By Nicholas Day
CHICAGO – Face-to-face interaction is the foundation of modern Western parenting. It is how we explain what it means to be human – this is how we show emotion, this is how we communicate, this is how we make funny flatulence sounds. We think of this sort of interaction as what parenting is. It’s hard to imagine a baby raised without this sort of back-and-forth and turning out fine.
But many babies elsewhere are raised without it – and they do indeed turn out just fine. But there are many different versions of fine.
German psychologist Heidi Keller once ran a brilliant experiment in which she showed German mothers and Cameroonian Nso mothers footage of the parenting style of the other. Both were deeply unimpressed. (Sample reaction: “The Nso even suspected that it may be forbidden in Germany for mothers to hold babies close to their bodies.”) The German mothers had the most difficulty comprehending the lack of face-to-face exchanges among the Nso.
From a very early age, Nso babies are engaged in the social life of the community. They are carried facing outward. They see everything but their mother. Their world is broader than the world the German babies inhabit. These parenting styles don’t cleave along developed-undeveloped lines. They have deeper cultural roots. Middle-class American mothers, for example, spend twice as much time face-to-face with their babies as middle-class Japanese mothers.

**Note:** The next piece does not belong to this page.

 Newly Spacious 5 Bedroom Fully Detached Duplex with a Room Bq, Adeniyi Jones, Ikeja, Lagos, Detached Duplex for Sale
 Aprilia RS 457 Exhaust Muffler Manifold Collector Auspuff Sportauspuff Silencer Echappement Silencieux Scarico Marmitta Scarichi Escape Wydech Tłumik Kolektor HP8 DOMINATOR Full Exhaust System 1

It’s not just what the babies see. It’s what they hear, too. A study comparing native French mothers with West African mothers living in France found that less than 10 percent of what the French mothers said to their babies was a reference to someone else – someone who wasn’t the mother or the baby. But some 40 percent of what the West African mothers said referred to someone else. The French mothers were preparing their infants for a culture in which social life is conducted one-on-one. The West African mothers were preparing theirs for a society of communal engagement.